There were not enough records for this omnigraph, but nevertheless we thought we ought to use it because they told us the Radio inspector would pull one on us when we went up for our exams. As an omnigraph sounds altogether different from the phones, we thought we ought to get used to the ’graf.

With the phones, and nobody around, and if the pencil is sharp and nice and soft, we can handle twenty easy, especially if we know what is coming. The latter makes a lot of difference. But when a half dozen disinterested and wholly unsympathetic critics stand around and watch you, and you have no idea as to what the stuff is that is going to come, and you also have a feeling down in your midst that you are almighty likely to flunk anyway, it is some job getting twenty, or even eighteen. At least that is the way the writer of these lines feels about it.

When the awful clay came and we found the office of the Radio inspector in the Custom house, we were just a little bit shaky. I wondered if I had overtrained. They say that you can do this in football and boat racing, and I don’t see why one could not also do it in wireless.

The office, when we timidly edged in the door, had a lot of other goats with scared looks on their faces sitting down at tables engaged in chewing the ends off of lead pencils. Some of them had their hair all mussed up where they had scratched it too hard, and others were just staring straight ahead into vacancy.
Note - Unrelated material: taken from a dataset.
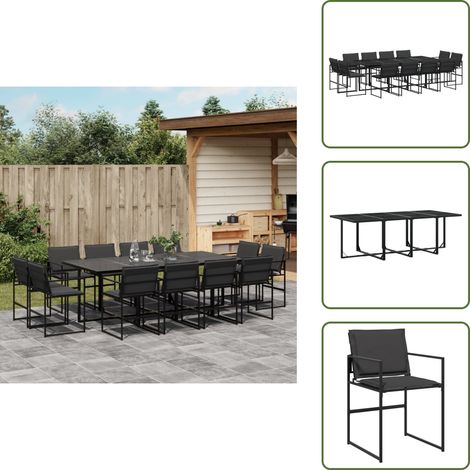 Cojines de asiento - vidaXL Juego de comedor de jardín 13 pzas con cojines textileno negro - Muebles de exterior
The instrument of torture we recognized at once. It lay on the table over at the other end of the office, and had plenty of room to itself. No one wanted to get anywhere near it. The first look at its brass gears gave me a chill.

We mistook the Radio Inspector. I saw a man at a table and he looked sort of like the boss, so I asked him if he was the Radio Inspector. He said “No,” and I saw at once that he was nothing but a goat himself. He was struggling through a First Grade Amateur and was having quite a time with a diagram.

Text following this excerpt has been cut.